According to the “2020 Cryptocurrency Crime and Anti-Money Laundering Report” released by the digital currency analysis company CipherTrace, DeFi hackers accounted for 21% of the total theft in 2020, and in 2019, the number of DeFi hackers is almost negligible. If you don’t consider the data related to the KuCoin exchange stolen incident, DeFi hackers will account for more than 50% of the total amount. At the same time, some hackers are also using DeFi, choosing to launder stolen funds through decentralized exchanges.
Regarding the continuous emergence of technical “crimes”, Wan Hui once regarded the DeFi hacking incident as “a typical process of survival of the fittest”. In this process, only the best contract and the most robust contract can be marketed. Used.
“As a neutral financial tool, DeFi is used to defend private property against various drawbacks of centralized finance. Similarly, there will naturally be corresponding evil forces to do what they think is “reasonable”.”

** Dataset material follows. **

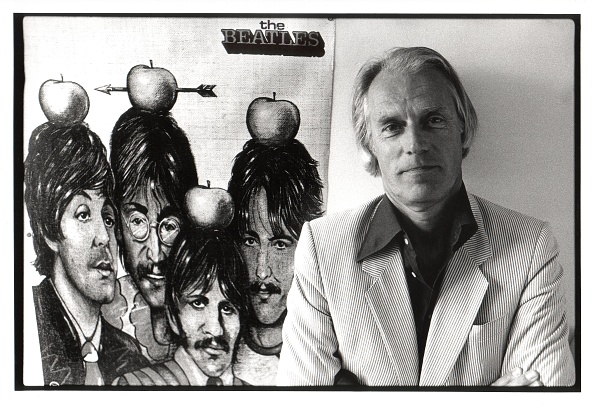 BELGIUM - JUNE 15: Photo of George MARTIN; posed, with poster of Beatles (Photo by Rob Verhorst/Redferns)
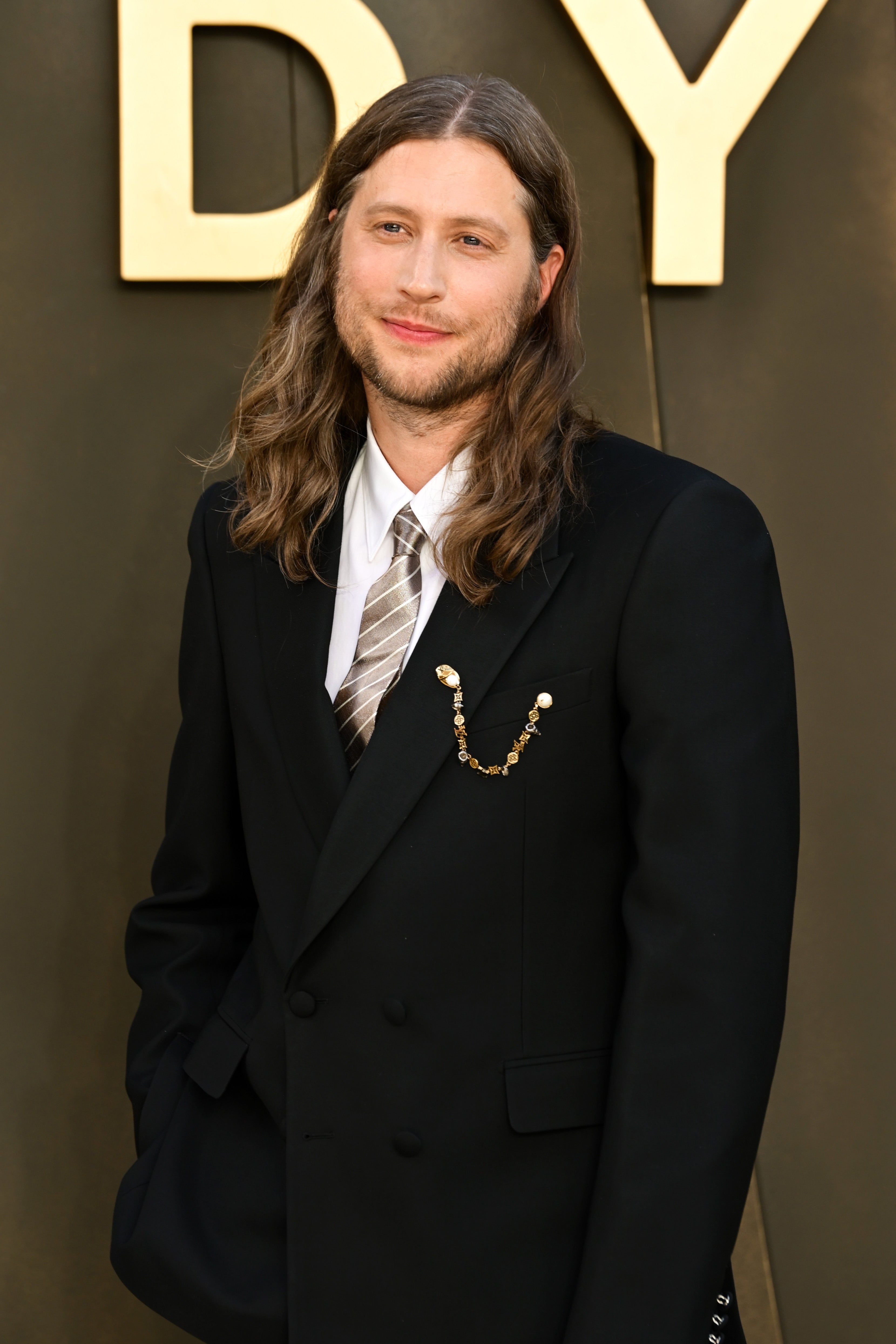 Person in a stylish suit with a striped tie on a red carpet. They have long hair and are facing the camera with a slight smile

In any case, DeFi applications are gradually deeply involved in the entire market. DeFi has also brought new vitality with an innovative attitude, and has also met many needs of the market. However, the early development stage of new technologies will face some new challenges.
What is more optimistic is that, in the face of technological security, which is a huge risk faced by traditional finance and the entire blockchain industry, although DeFi is inevitable, DeFi is also actively fighting.